I have always told myself I have no right to be disappointed in someone else, as nobody owes me anything. Not that this means I have had the unique good fortune to avoid disappointment throughout my life. My seven year sojourn with infertility gave me very personal, first-hand experience of disappointment and its impact on our lives.
However, while not everyone will know the repeated disappointments of multiple failures to conceive, I venture to suggest that no-one can journey through life untouched by disappointment. The simple truth is that if we hope, we open ourselves to disappointment. And who can exist without hope?
The problem with disappointment is this: long after it’s cause has been relegated to the past, it’s effects can still be felt in our lives. It shatters dreams, steals our hope; we no longer look to a future: we become bitter. In short, disappointment will rot you from the inside.
We need only consider the jilted Mrs Haversham, from Dickens'”Great Expectation”. The image of the aged bride, in her yellowing wedding dress, surrounded by the dusty, fermented remains of what would have been her wedding feast, is a vivid depiction of what we can become if we remain stuck in the disappointment.
So just how do we overcome disappointment and ensure that we do not fall victim to it’s life-sapping effects? For that, let us consider another woman (2 in fact) who tasted the bitterness of disappointment.
5 Steps For Dealing With Disappointment
- Get moving:
Naomi was disappointed, hopeless, bitter – unable to see a future for herself BUT she got moving. Don’t wait until you feel better. Just get up and start moving on from the place of disappointment.
The first few steps are the hardest but just keep putting one foot in front of another and you will make progress.
- It is better to walk alongside someone than to walk alone.
Naomi didn’t want company. She tried to send her daughters-in-law home but widowed, childless Ruth (equally disappointed by life) had nowhere else to go and Naomi relented. So often, in life, we hug our disappointments to ourselves, pretending to everyone else that we are “fine”.

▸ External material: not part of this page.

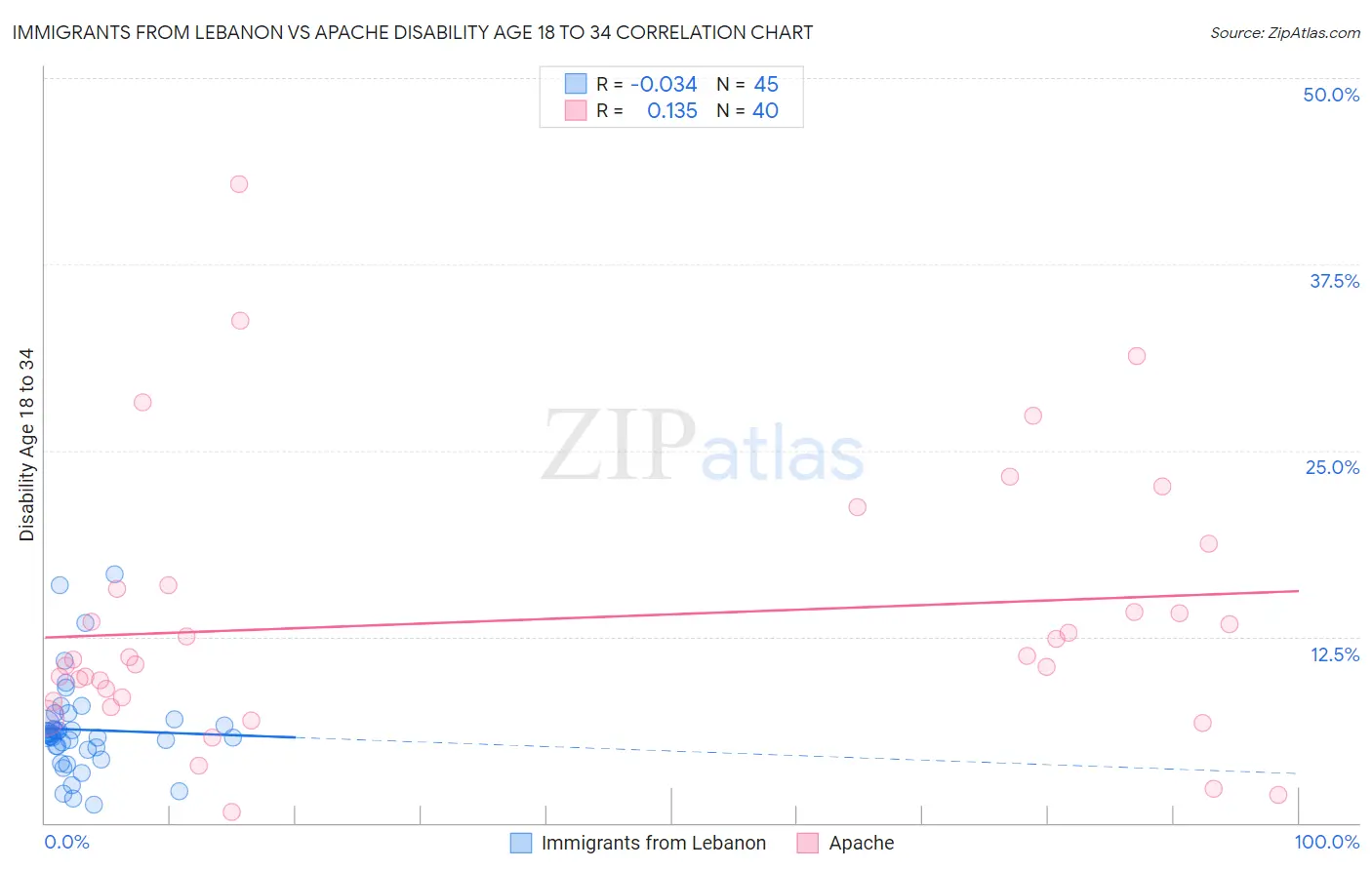 Immigrants from Lebanon vs Apache Disability Age 18 to 34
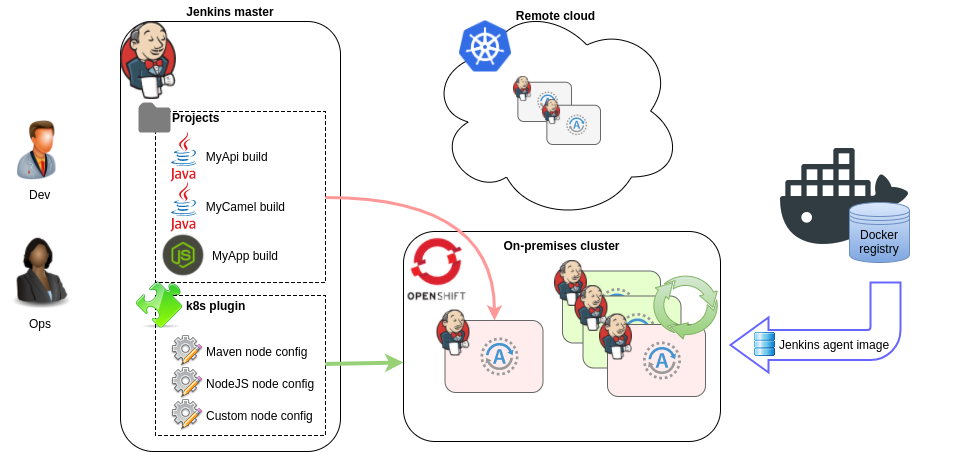 Running Jenkins builds in containers – ITNEXT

Acknowledging that we are struggling and reaching out for help is what separates the functional from the dysfunctional. Take hold of the hand reaching out to help you and the journey to wholeness becomes less arduous.
- Shift your focus:
At the start of her journey Naomi is wallowing in bitterness and self-pity. After her return to Bethlehem, she asks Ruth “Where did you glean today? Where did you work? Blessed be the man who took notice of you!” Naomi’s focus has undergone a significant shift. She has moved from a place of introspective despair to looking out for another.
Even the tiniest pimple or blemish looks HUGE when we spend all our time examining it through a microscope. When disappointment threatens is drowning you, lift your head above the waves and shift your focus.
- Learn to be content. Take your disappointment to the threshing floor:
Acting on Naomi’s instruction, Ruth spent a night on the threshing floor, at Boaz’s feet. The threshing floor is the place where the wheat is separated from the chaff. It is necessary step in separating ourselves from our disappointments.
For me, personally, threshing floor moments are moments of worship, moments where I commune directly with my Creator, where I still my own voice and listen to His. It is in those moments that I am reminded of what is true, lasting and eternal and can release the temporal “clutter”.
When the weight of your disappointment becomes unbearable, take it to the threshing floor, lay it down and allow God to deal with the things that need to be “winnowed” from your life. And when you get up to go, make sure you leave the chaff behind.
- Take hold of the new
Letting go of disappointment is not an end, it’s a beginning. Only when we let go of what we are clutching, are our hands freed to take hold of the new. The story of Ruth ends with Naomi embracing the child born to Ruth and her new husband, Boaz.
The gift of the child was given but Naomi had to reach out and embrace him. The same is true of every gift/opportunity God gives us… in order to make it ours, we must reach out and take hold of it.
A final thought on dealing with disappointment:
When David suffered the crushing disappointment of loss, when the baby born from his union with Bathsheba died…
the child Bathsheba conceived next was Solomon.